Shades of James Comey? In a joint presser with Theresa May, Donald Trump pushed back on reports that he had insulted May by criticizing her in an interview with The Sun. “I didn’t criticize the Prime Minister,” Trump replied, calling the story “generally fine” at first but then applying the epithet “fake news” for leaving out the praise Trump says he expressed for May.

“Fortunately,” Trump added, “we tend to record stories now, so we have it for your enjoyment … we record when we deal with reporters.” Release the tapes! If there are any, of course:

We went through this with James Comey last year, and it came a cropper. Trump tweeted out after firing Comey that Comey had better hope that they didn’t tape his White House conversations, suggesting that Comey lied about the content of their conversations. In the end, it turned out that no such tapes existed, and Trump had to climb down from his bluff when Democrats on congressional committees began demanding subpoenas to get the recordings.

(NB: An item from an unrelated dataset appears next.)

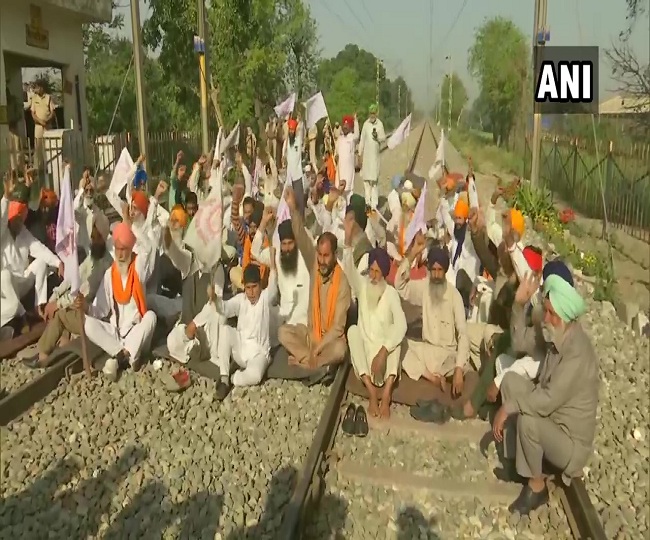 Bharat Bandh Minimal Impact In Delhi Metro Road Transport Unaffected Protesters Block 1470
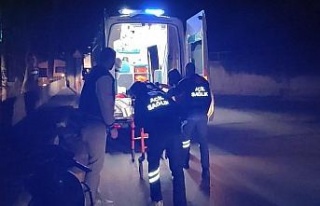 Ağaca çarpan motosikletli yaralandı, alkollü olduğu...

It’s not that independently recording interviews would necessarily be a bad idea, but given Trump’s extemporaneous rhetoric and lack of discipline, it might be better to leave things as ambiguous as possible. In this case, though, Trump doesn’t actually deny that he criticized May, but just that the Sun didn’t include his otherwise supportive statements to go along with them. And by the way, the Sun has already produced the audio of the Trump comments they reported, although perhaps they might decide to release the whole thing.

Trump felt bad enough that he apologized to May this morning for the embarrassment — a rare event for Trump — but May shrugged it off with “it’s only the press.” However, Trump returned to the same point he raised in the Sun interview, noting that May didn’t take his advice because it was “too harsh,” but that she might still get “tough” later on Brexit:

Ahem. Not sure that helps with the “fake news” allegation, but Trump also endorsed May’s judgment on Brexit. No matter what she decides, Trump says, she has his support:

At least we got all this on tape. This time.

All of this, however, misses one important point. As the reporter notes in the first clip, Trump might have embarrassed May with his comments on bilateral trade talks with the UK and Brexit, but he’s also correct about them. May emphasized that he and May will still work on an “ambitious US-UK free trade agreement” that will fit within the Chequers compromise, but the mechanism for that seems as ambiguous as the compromise’s prospects with the EU. Unless the UK and EU come to terms on a soft Irish border, Brexit will either have to be hard or postponed indefinitely. Only one of those allows for bilateral trade agreements with the UK, and the other potentially sets fire to Northern Ireland all over again. It’s a mess, and that’s not Donald Trump’s fault.